This is the first in what I hope will be a long line of "Area Chair Summaries" from NLP-related conferences. If you would like to contribute one, please contact me!
For ACL this year, I was lucky to be the Area Chair for the summarization track. I know I've said it before, but we really got a ton of great papers this year. In the end, seven were accepted for presentation (note there are also some summarization-related papers that officially fell under "Generation" for which I was not the area chair). I would like to say that there was some sort of unifying theme this year, but there's not one that I can actually come up with. The papers were:
P08-1035 [bib]: Tadashi Nomoto
A Generic Sentence Trimmer with CRFs
P08-1036 [bib]: Ivan Titov; Ryan McDonald
A Joint Model of Text and Aspect Ratings for Sentiment Summarization
P08-1092 [bib]: Fadi Biadsy; Julia Hirschberg; Elena Filatova
An Unsupervised Approach to Biography Production Using Wikipedia
P08-1093 [bib]: Qiaozhu Mei; ChengXiang Zhai
Generating Impact-Based Summaries for Scientific Literature
P08-1094 [bib]: Ani Nenkova; Annie Louis
Can You Summarize This? Identifying Correlates of Input Difficulty for Multi-Document Summarization
P08-1054 [bib]: Gerald Penn; Xiaodan Zhu
A Critical Reassessment of Evaluation Baselines for Speech Summarization
P08-1041 [bib]: Giuseppe Carenini; Raymond T. Ng; Xiaodong Zhou
Summarizing Emails with Conversational Cohesion and Subjectivity
Most of these you can guess the contents more-or-less by their titles, but here's a quick run-down. Nomoto's is probably the hardest to guess. I dare-say it actually sounds a bit boring from just the title; it leads me to think it's yet another sentence compression method. But if you start reading the paper, you find out all about compression under dependency structures, summarization of Japanese text, and an fairly thorough evaluation.

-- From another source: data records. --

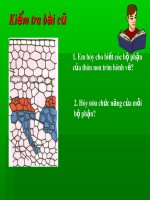 Bài 16Thân to ra do đâu?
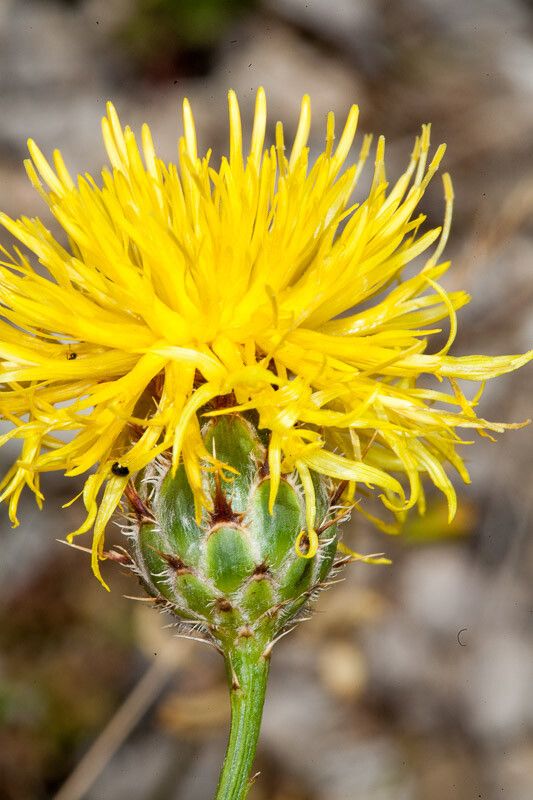Centaurea rupestris flower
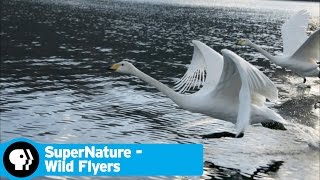 SUPERNATURE - WILD FLYERS | Masters of the Sky | PBS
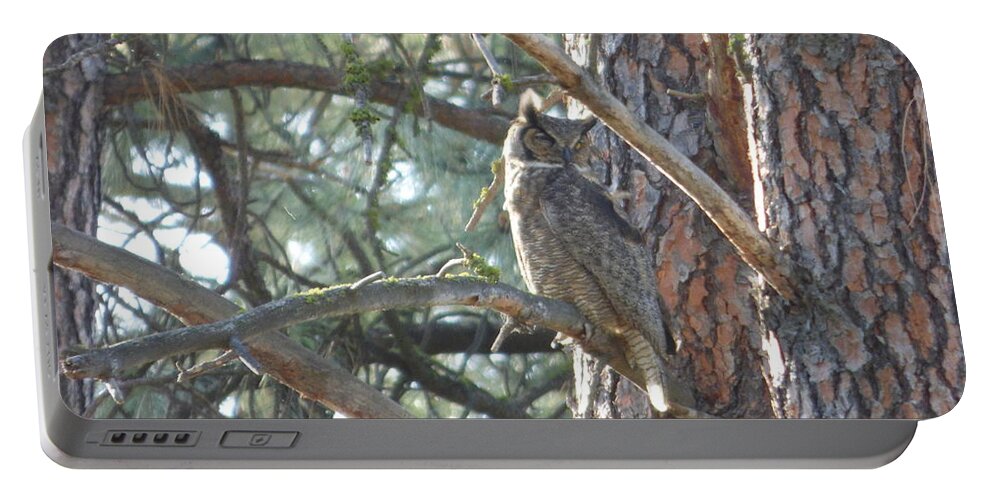 Great Horned Owl Portable Battery Charger featuring the photograph Great Horned Owl in a tree by Charles Robinson
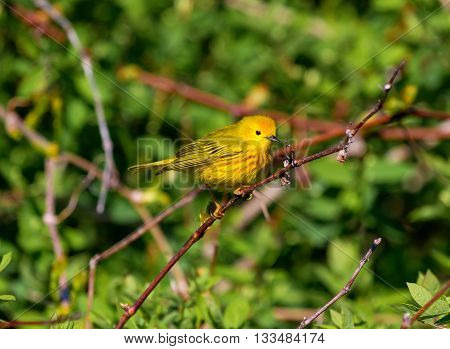 Yellow Warbler Male. In summer, the buttery yellow males sing their sweet whistled song from willows, wet thickets, and roadsides across almost all of North America.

The Titov and McDonald paper attempts to model associations between fine-grained user reviews of restaurants (eg: how do you rate the food versus the ambiance?) and the actual text in the reviews. This enables them to produce summaries that are specific to particular aspects of the review.
Biadsi, Hircshberg and Filatova present a model for producing biographies, by trying to identify biography-like sentences from Wikipedia (a source that's gaining more an more attention these days). One aspect that I found most interesting here was that they attempt to do full-on reference resolution and referring expression generation. This has always been something I've been too scared to touch, but they actually present some results that show that it's worthwhile!
Mei and Zhai talk about a sentence-retrieval method for summarizing scientific documents, which they gathered from DBLP. They take advantage of citation sentences (called "citances" by Marti Hearst and also explored deeply by Simone Teufel) and make a "citation" language model. This language model is interpolated with the standard document language model to perform extraction. This allows them to extract sentences that readers care about, not what the author thinks you should care about. The key limitation, of course, is that it only works once the paper has been cited for a while. (It would be nice to see how many citations you need before it's worth doing this.)
The paper by Nenkova and Louis describes a model for predicting if a batch of documents is going to be difficult (for a machine) to summarize. This is akin to the notion of query-difficulty that you see in IR. The results are about what you'd expect, but it's nice to see them played out. In particular, you see that more cohesive sets of documents are easier to summarize. Read the paper for more.
Penn and Zhu look at how well Rouge works when trying to summarize speech. They look at both Switchboard data (telephone conversations) and lectures. They have many interesting findings that cast doubt not only on the role that Rouge plays in speech summarization, but also on what sort of baselines are reasonable for speech, and what role meta-data plays in speech summarization. If you care at all about the intersection of speech and summarization, this truly is a must-read.
Last but not least, Carenini, Ng and Zhou discuss the task of summarizing emails (following up on previously work by the same authors on roughly the same task). Since the most relevant past work appeared in WWW07, I'll actually comment on that too (maybe unknown to many readers). There is quite a bit of work here, that primarily aims at finding useful features for summarizing chains of emails. They look at things like cue words, semantic similarity, lexical similarity, "PageRank" measures and a handful of others. This is all done in a graph-based framework that is pieced together based on processing the email chain (from what I can tell, this is highly non-trivial).
After writing this, I think that maybe the connecting thread is that there's a lot of work that aims at doing summarization for things other than straight news stories. I think this is a
fantastic step for the community. Keep up the good work, guys!